My new book, Island Time (Bridget Williams Books, $14.99NZD, paper) came out on Friday.  It is available at bookstores, as well as electronically.  Check out Bridget Williams’ Books page for more information. I’ve been talking about it in the media. Paperboy ran a long conversation between Finlay MacDonald and I. Wallace Chapman had me on Radio New Zealand’s Sunday Morning to talk about it as well.

That Māori, Pacific and Asian peoples will form an increasing proportion of the population, especially in New Zealand’s largest cities, is obvious; but, having known this for two decades, it is less obvious what we have done to make our future happen. Knowing the future will be profoundly different has not led to our working differently.
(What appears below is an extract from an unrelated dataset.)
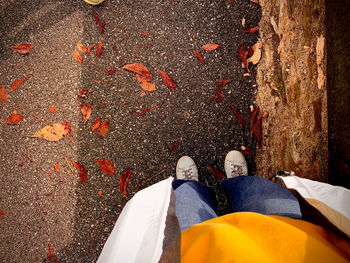 Low section of people standing by autumn leaves in city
In New Zealand, Pacific people and communities are now defining, rather than secondary. In education, for instance, we face the simple truth that if you can’t teach Pacific students, you can no longer effectively teach in half of Auckland, Tokoroa, and large parts of Wellington, Christchurch and Ōamaru.
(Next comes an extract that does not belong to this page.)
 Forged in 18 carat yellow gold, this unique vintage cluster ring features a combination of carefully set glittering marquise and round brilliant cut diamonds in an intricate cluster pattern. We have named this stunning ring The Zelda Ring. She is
In health, if you cannot care effectively for Pacific people, you are of limited use in three of New Zealand’s four largest district health boards. This is happening now, and the centrality of Pacific competency will only grow.
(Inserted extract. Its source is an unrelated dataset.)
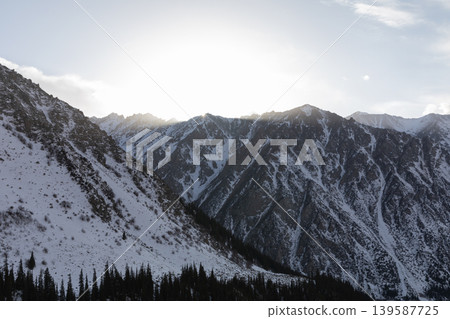 Winter mountain landscape at Ala Archa National Park with snowy ridges at sunrise Winter mountain landscape at Ala Archa National Park with snowy ridges at sunrise 139587725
If you want to read some of the book, the online Maori/Pacific Sunday magazine e-Tangata is carrying a long excerpt from the conclusion.

Māori Politics meets Pacific Politics

I am fascinated by politics, especially Pacific politics both in the Pacific Islands region and in New Zealand.  One of the most interesting story lines in New Zealand’s riveting 2017 election was the alignment of the Māori Party with a group of aspiring Pacific politicians, called ‘One Pacific’.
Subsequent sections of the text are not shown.